Education is a right worthy of protection itself. It is also an indispensable means of realizing other human rights. All children, without discrimination of any kind, including on the basis of their status or the status of their parents, have a right to education. General Comment No. 13 of the Committee on Economic, Social and Cultural Rights establishes that states are obliged to ensure that education is accessible to everyone, without discrimination, within the jurisdiction of the state. Accessibility includes non-discrimination, physical accessibility, and economic accessibility.

  1. Right to Family Life and Unity:

The threat of deportation hangs heavily over every undocumented person in the U.S. This weight may be felt most profoundly by children who consider the U.S. their home but can make no legal claim to it. Actual deportation is devastating to families. Parents are sometimes forced to leave their U.S. born children in the hands of others while the rest of the children return to a foreign land with their parents.
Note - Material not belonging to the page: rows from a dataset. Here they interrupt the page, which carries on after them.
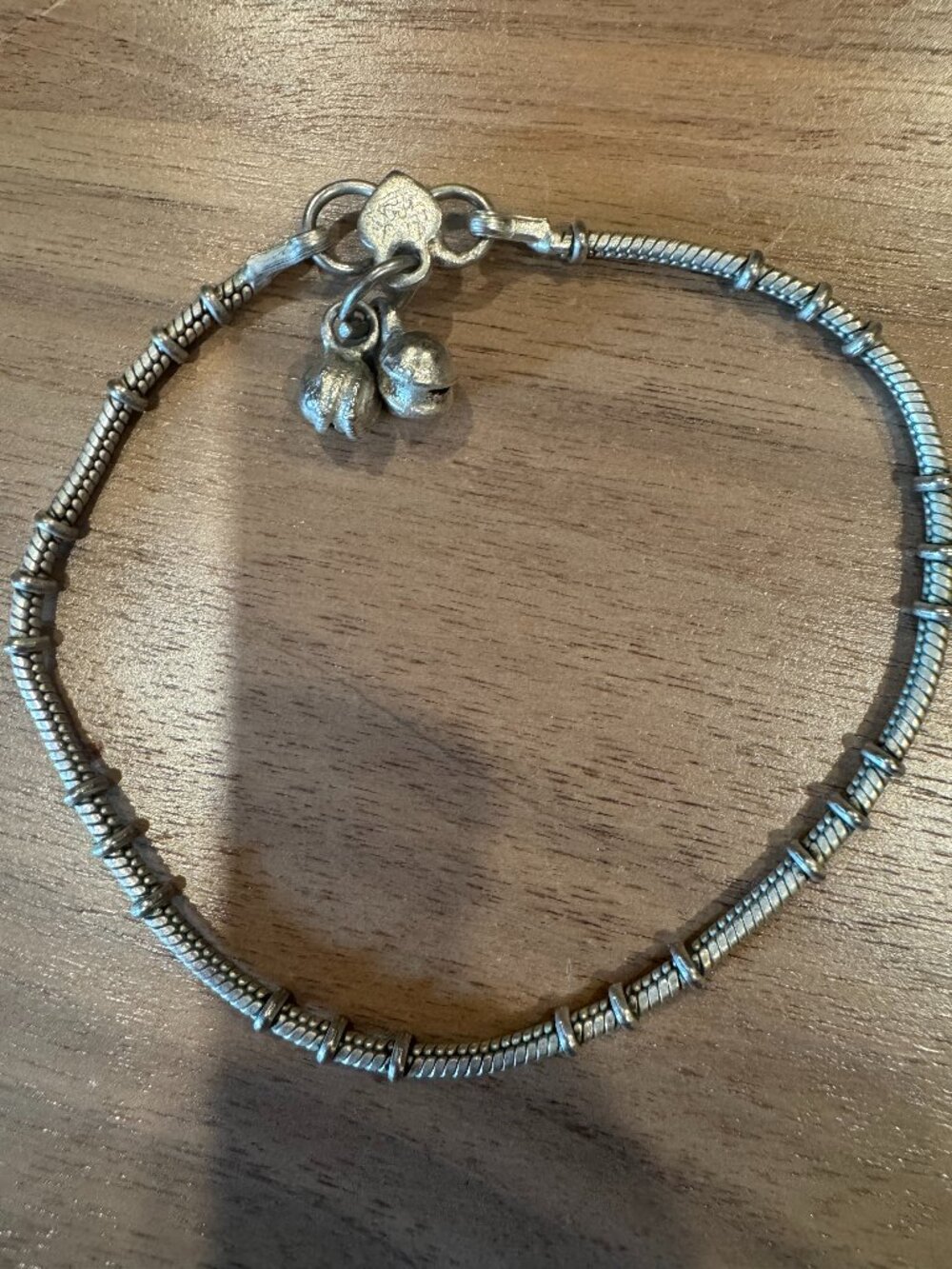 VTG Handcrafted Hill Tribe 925 Sterling Silver Wire Wrapped Bell Anklet 10"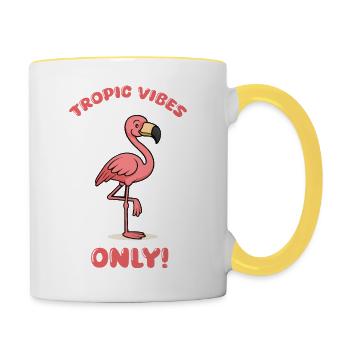 flamingo comic tropic - Tasse zweifarbig - Weiß/Gelb - Rechts
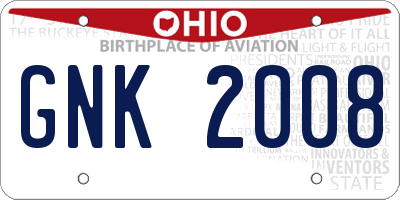 OH license plate GNK2008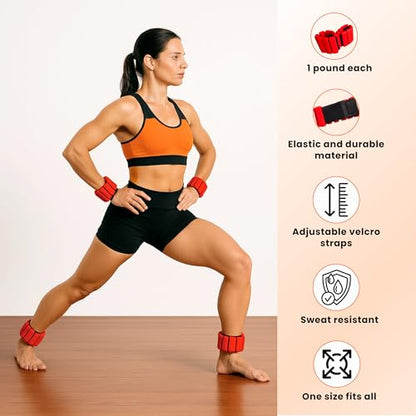 Wrist and Ankle Weights Set with Core Sliders, Adjustable 1lb Each, Sweatproof Design, Portable for Yoga, Pilates, Strength Training, and Home Workouts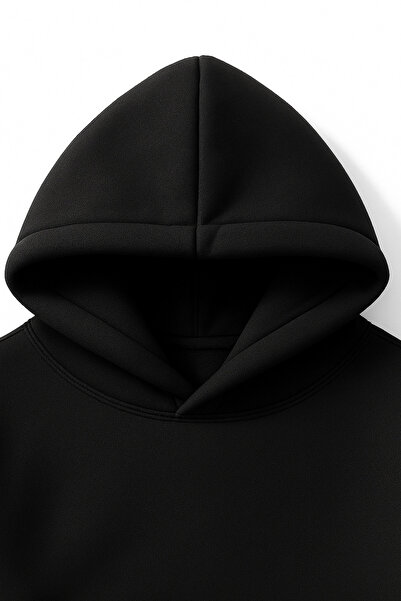 Altair Tr Black Oversized Basic Unisex Aloha Chi Printed Hooded Sweatshirt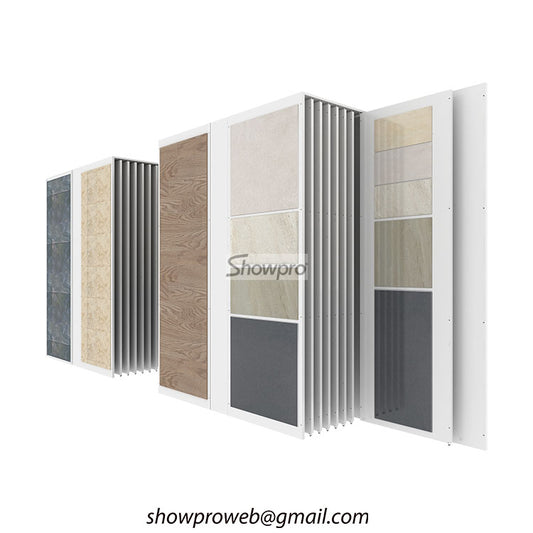 Smooth-glide sliding tile display panels for large format porcelain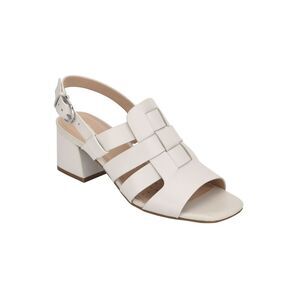 EVOLVE Womens Ivory Mona Square Toe Block Heel Leather Slingback Sandal 10 M
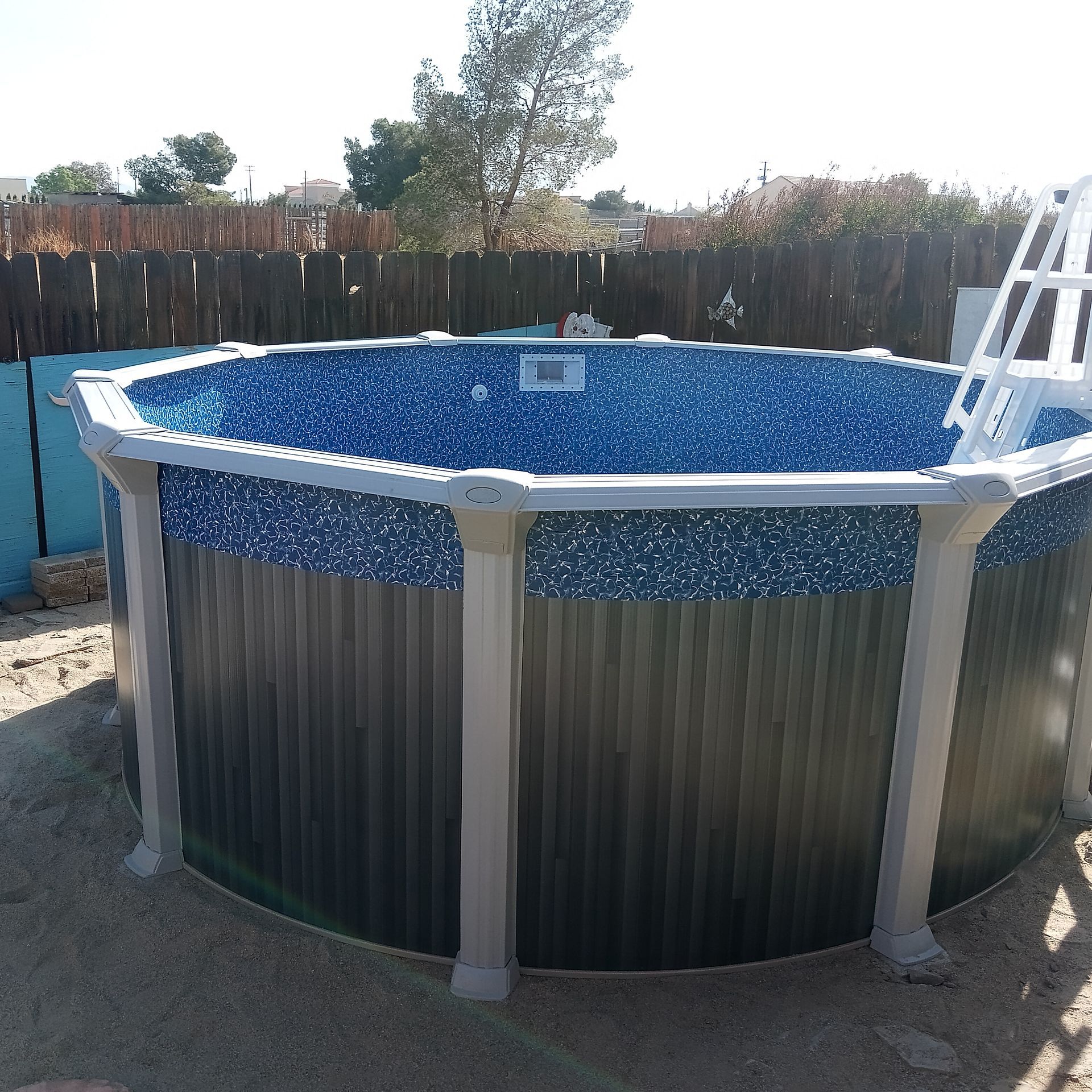 Round above-ground pool with blue liner and white ladder in a fenced backyard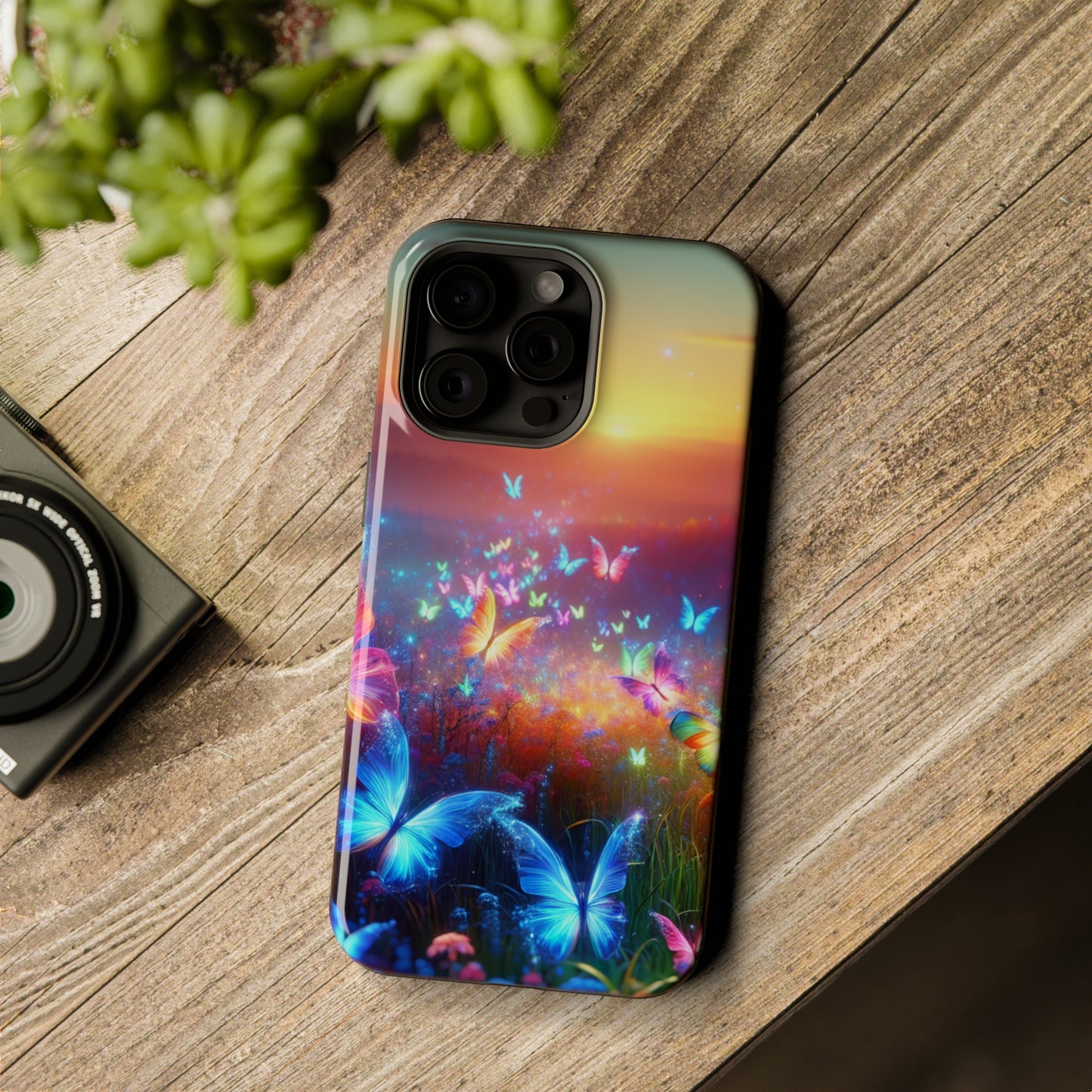 Neon Flight Fantasy Neon Butterflies Premium Art Magsafe Magnet Tough IPhone 13 14 15 Pro Plus Max and Mini in Matte and Glossy Phone cases
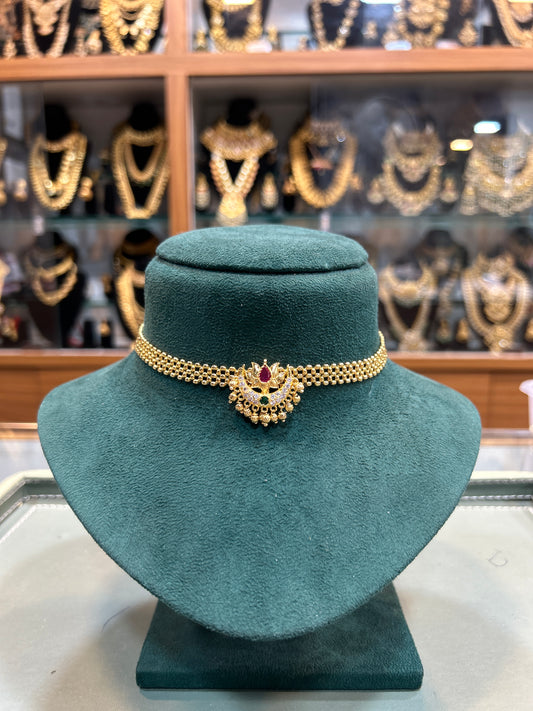 Traditional Gold-Finish Choker with Ruby & Emerald Accents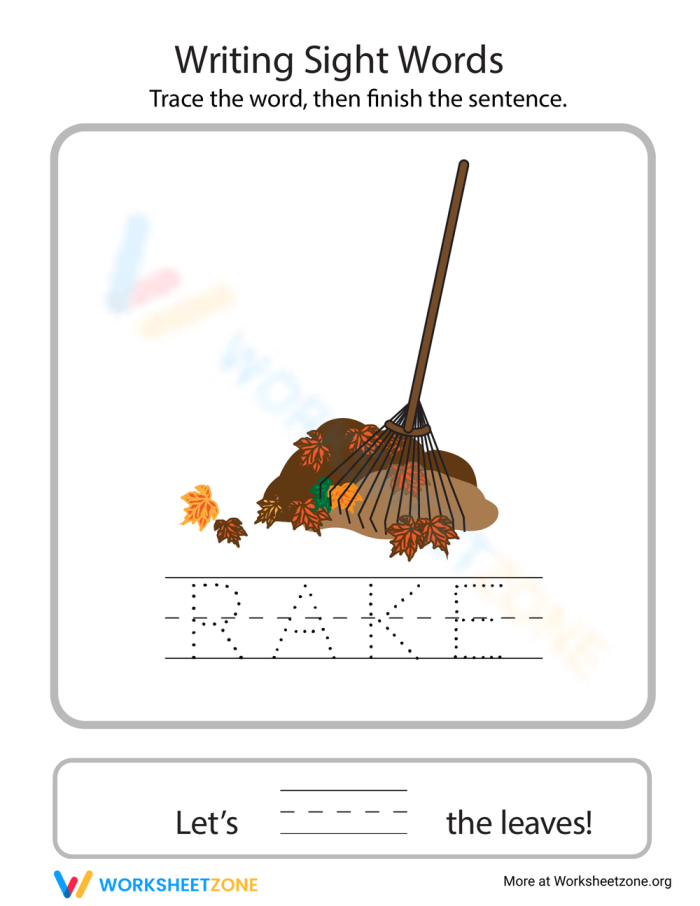 Pre-K worksheet page featuring tracing exercises and a word search for the -ake word family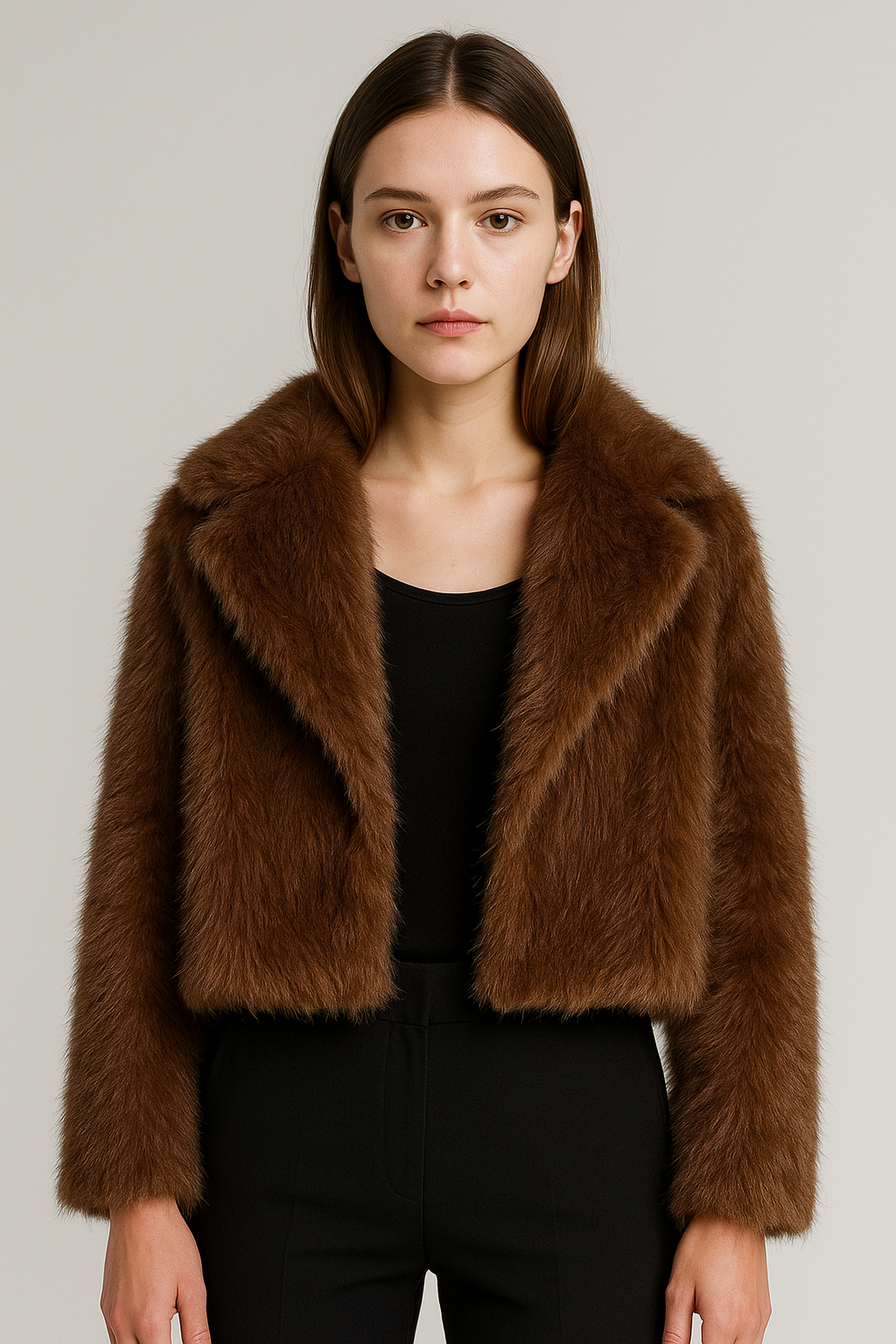 Damesjas van imitatiebont in kort model met reverskraag – bruin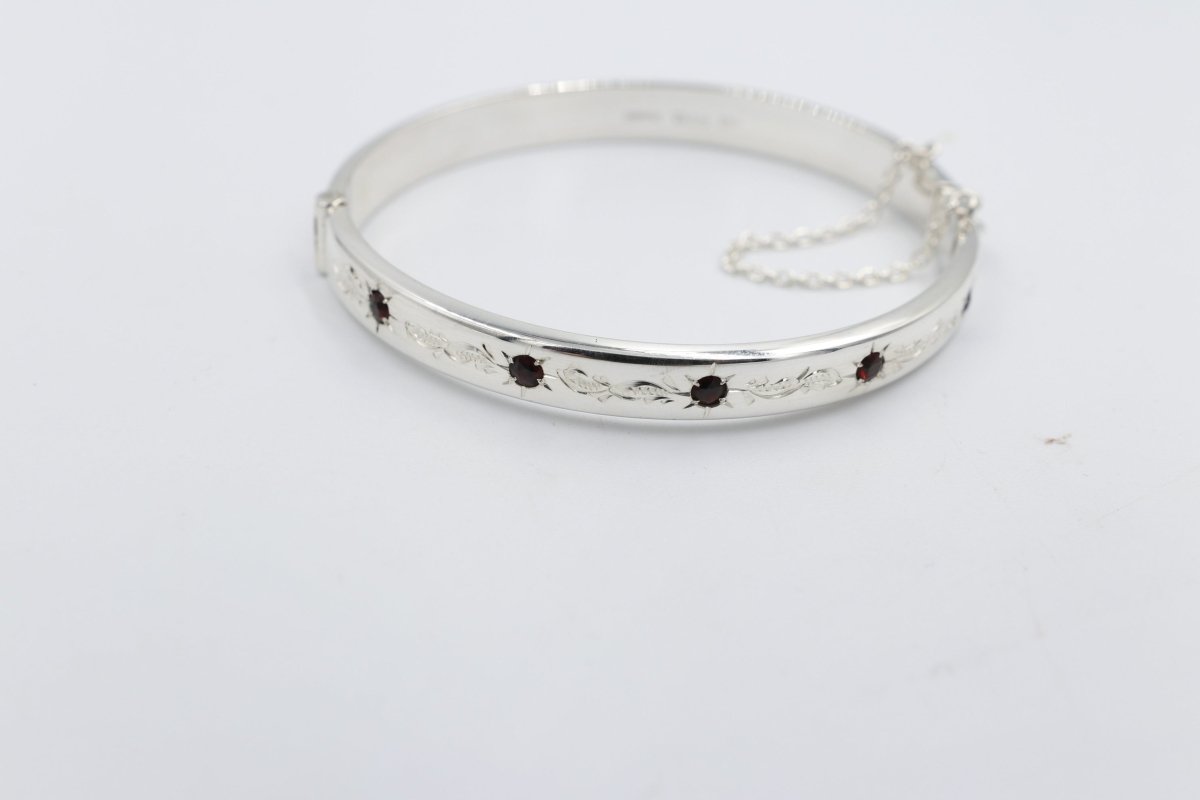 Sterling Silver Snap Bangle with Garnet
The right to family life and unity is protected under Article 23 of the ICCPR, as well as Article 10 of the ICESCR. Article 44 of the Migrant Workers’ Convention provides for the protection of the unity of the families of migrant workers who are documented or in a regular situation. The right to family life is also recognized in all key regional human rights instruments. The Convention on the Rights of the Child states that deportation may be a circumstance that results in family separation. At a minimum, the right protects individuals against the arbitrary separation of their families. The Committee on the Elimination of Racial Discrimination has noted that states should “avoid expulsions of non-citizens, especially of long-term residents, that would result in disproportionate interference with the right to family life.”

The Dream Act is narrowly tailored to a population of student immigrants in the United States. Amnesty International supports the legislation because the intent is to provide an avenue to legalization and in effect the legislation will ensure that a variety of human rights, including those discussed above as well as others, will be respected and protected.